Technology is a key driver
Technology is a key driver behind a living lab, specifically in its use as both a tool and an end product, but critically, it’s the connections that the GTP can make, that complete the circle.
We connect, facilitate, introduce, host and participate in the programme to provide a seamless introduction into the area. It’s a package that plays an important role in the success of the project.
The agreement with Iconic Blockchain is a good example of how this process could work in reality. The developers, led by Iconic Blockchain founder, Simon Ho, explore the possibility of implementing the TSio Protocol, a proprietary platform that provides commuters with a universal currency solution that can be used on multiple modes of transport.
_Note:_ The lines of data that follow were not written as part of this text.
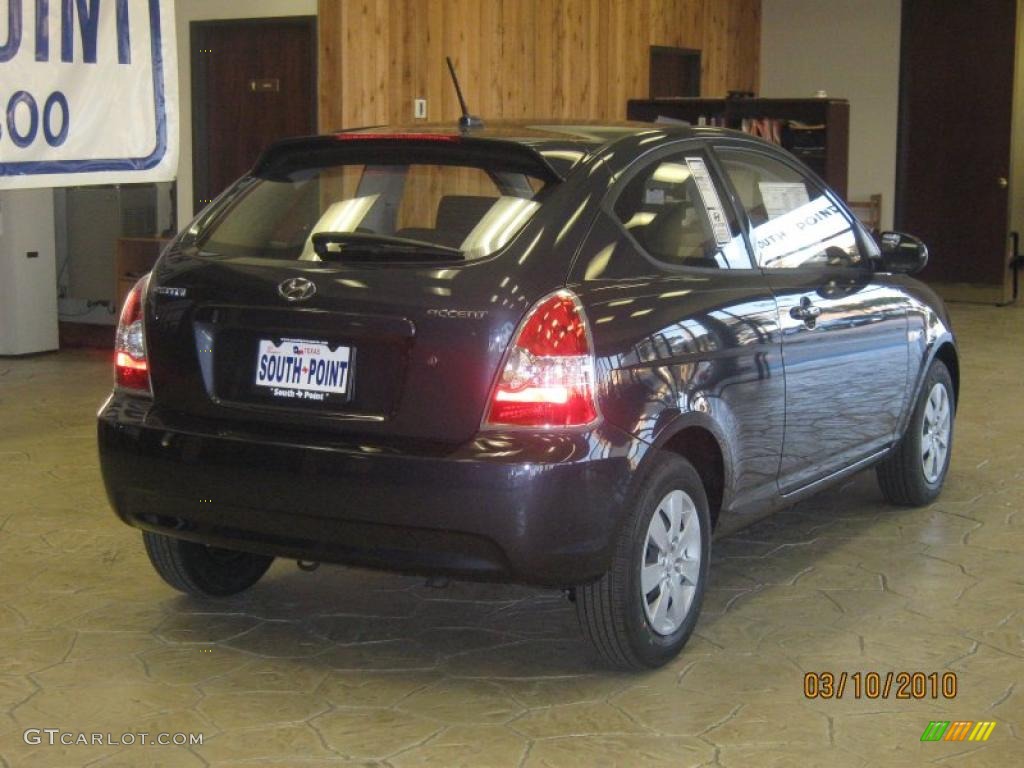 2010 Accent GS 3 Door - Ebony Black / Black photo #13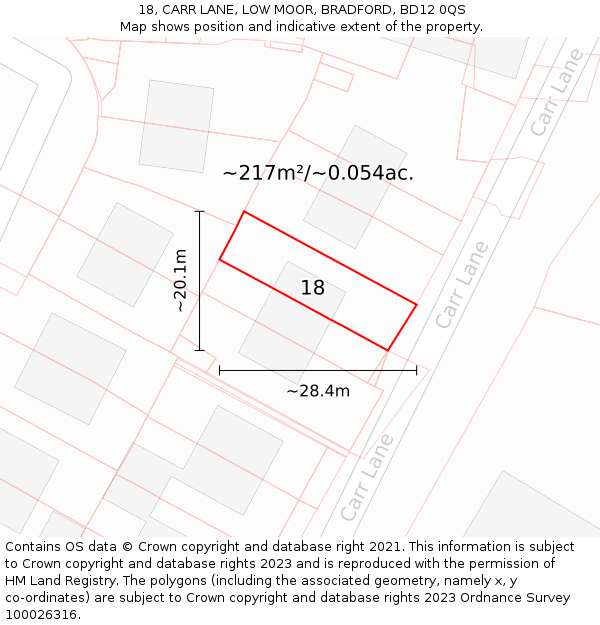 18, CARR LANE, LOW MOOR, BRADFORD, BD12 0QS: Plot and title map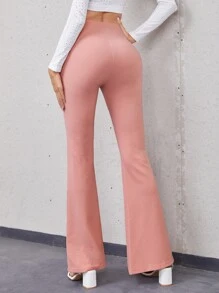 SHEIN Quần nữ Chia màu trơn Thanh lịch - Màu Hồng  San hô - Xem 2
The platform enables commuters to move seamlessly between train, taxi or bus, making it safer and more efficient to travel around on public transport.
Mellowcabs pilot
The GTP has also recently partnered with Mellowcabs, a micro-transport solution that will help people to move around Bellville more efficiently. Bellville is highly connected, with multiple public transport links. The Mellowcabs pilot will provide Bellville residents, and commuters, with a ‘last-mile’ transport solution that could enable workers to leave their cars at home, while still knowing they’ll be able to move around the centre when they’re there.
The GTP is focused on three key goals; stimulate a 24-hour economy, build physically and virtually connected communities and facilitate an urban transition to an inclusive, vibrant and economically prosperous area.
But beyond what we do, is the need to prepare the city for a rapidly advancing world. The fourth industrial revolution presents opportunities for innovation in all sectors of a city’s development.
These technological advances affect transport, logistics, building, infrastructure, employment models and trading patterns. Cities don’t have to, and, arguably, can’t, grow in governmental siloes.
They benefit from partnerships and collaborations with other entities like Iconic Blockchain, startup incubator Startup Hatchery and Mellowcabs, among others, who bring a new perspective to urban regeneration and planning. And the living lab is the perfect vehicle to take advantage of those opportunities.